Al Napoli Teatro Festival
Un Goldoni in nero
Maurizio Scaparro ripropone “La bottega del Caffè” di Goldoni con Pino Micol e Vittorio Viviani. Un testo durissimo sulla borghesia, sui suoi affari e la sua dubbia morale
Un bar per sfaccendati accanto a un locale bisca dove la gente si rovina giocando con le macchinette, spaccato di una società in crisi che deve trovare in sé la forza di reagire, un po’, possiamo pensare, come la Venezia settecentesca spensierata e mercantile al culmine del suo sviluppo ma allo stesso tempo viziosa all’inizio della decadenza, quella a due facce appunto che presenta Carlo Goldoni ne “La bottega del caffè” su cui ha lavorato con fedeltà all’originale la regia di grande eleganza e di una pulizia oggi rara firmata da Maurizio Scaparro per il Napoli Teatro Festival, prodotta dalla Fondazione Teatro della Toscana, e in arrivo al Piccolo di Milano per l’Expo.
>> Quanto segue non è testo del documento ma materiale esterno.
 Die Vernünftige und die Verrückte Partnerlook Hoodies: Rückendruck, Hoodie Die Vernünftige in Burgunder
Un testo classico e scritto in italiano di Goldoni, datato 1750, dai caratteri «umani, verissimi, e forse veri – come ha scritto lo stesso autore – ma io li traggo dalla turba universale degli uomini, e vuole il caso che alcuno in essi si riconosca». Davanti alla bottega del caffé, dove il prepotente e arrogante Don Marzio vestito di nero semina zizzania, con maldicenze vere e inventate, subdolo e infido, amichevole e falso con la verità e le ombre che gli regala un Pino Micol in gran forma, sempre a indagar su tutto con i suoi occhialetti, c’è la bisca clandestina di Pandolfo che favorisce bari e approfittatori come il finto Conte Leandro (ben disegnato da Ruben Rigillo), che stanno riducendo sul lastrico l’ingenuo Eugenio (il bravo Manuele Morgese), commerciante di stoffe e vinto dalla passione del gioco, figlio dell’ex principale del caffettiere Ridolfo e che lo aiutò ad aprire la sua bottega. Per questo si sente in dovere di riconoscenza e non smette mai di darsi da fare, di aiutare, di far prediche a Eugenio perché si ravveda e torni dalla sua bella moglie Vittoria, che sta portando alla disperazione.
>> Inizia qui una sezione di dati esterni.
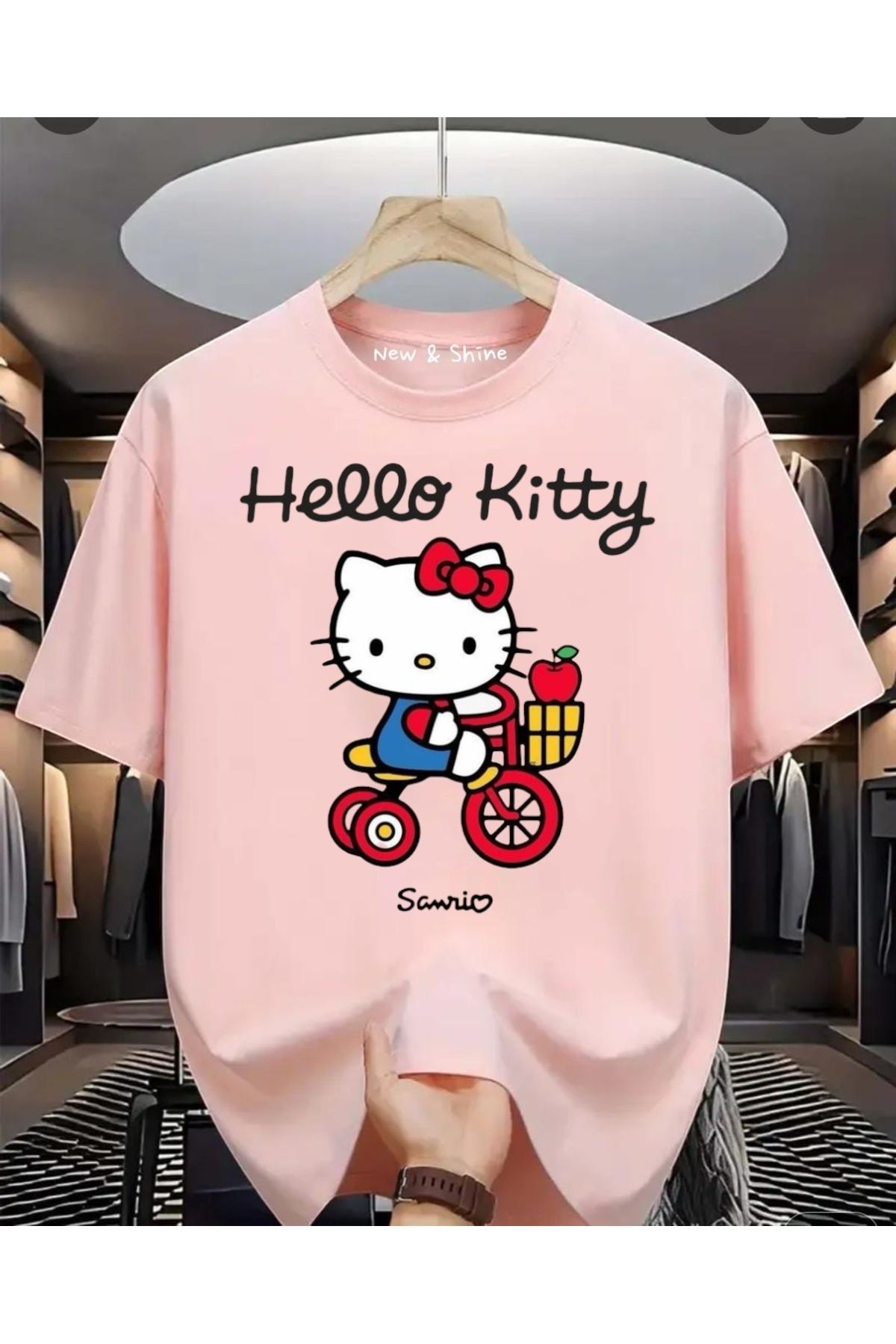 New Shine Hello Kitty Baskılı Oversize T-Shirt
Sul campiello della bottega (scene e costumi di Lorenzo Cutoli), come una donnina seducente di un carillon, si affaccia ogni tanto dal suo balcone una ex ballerina giovane e bella, o arriva una pellegrina piemontese alla ricerca del marito fedifrago, il tutto a movimentare e articolare lo sviluppo delle vicende generali, sino al finale con i cattivi puniti o ravveduti e solo Don Marzio sempre lì, libero, inquieto e minaccioso, che si interroga se andarsene da Venezia.
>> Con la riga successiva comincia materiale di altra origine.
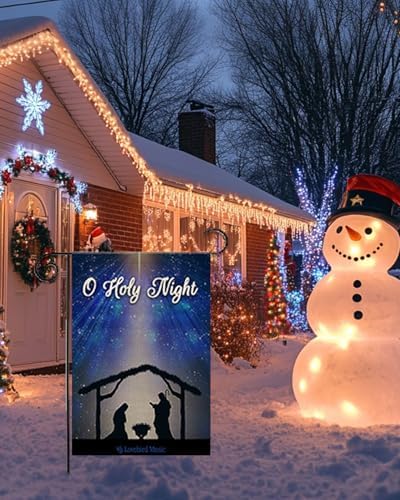 O Holy Night Jesus Nativity Garden Flag 12 x 18 Inch Double Sided, Christmas Winter Holiday Christian Yard Outdoor Flag - Image 3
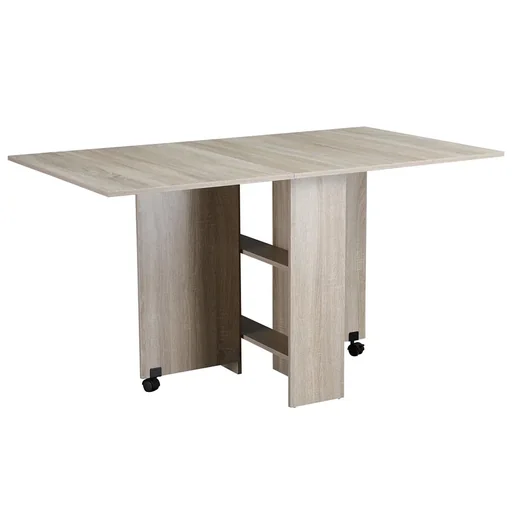 "Dining table folding table desk side table table storage area wood natural 80 x 140 x 74 cm image"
Il sipario cala su un’ombra, quella nera e funesta controluce di Don Marzio, il personaggio chiave e malevolo di questa commedia ricca di risvolti oscuri aperti su un incerto futuro. Come su alcune ombre si era aperto all’inizio, con una Venezia notturna, scura ambigua, che, illuminandosi in una mattinata di un giorno di carnevale, si popola spensierata e giocosa di ombre di maschere tra cui compare anche un Arlecchino, quindi si presenta il caffettiere Ridolfo, che ha il bel carattere, la incisiva varietà di gesti e toni che gli dà Vittorio Viviani col necessario tocco di retorica, uomo dal carattere positivo e ricco di buone intenzioni. E non a caso Don marzio è straniero, napoletano, e rappresenta le cattive influenze che arrivano a inquinare la Serenissima, e il secondo, che in una prima versione era un Brighella col servo Arlecchino, è un veneziano con Trappola ragazzo di bottega.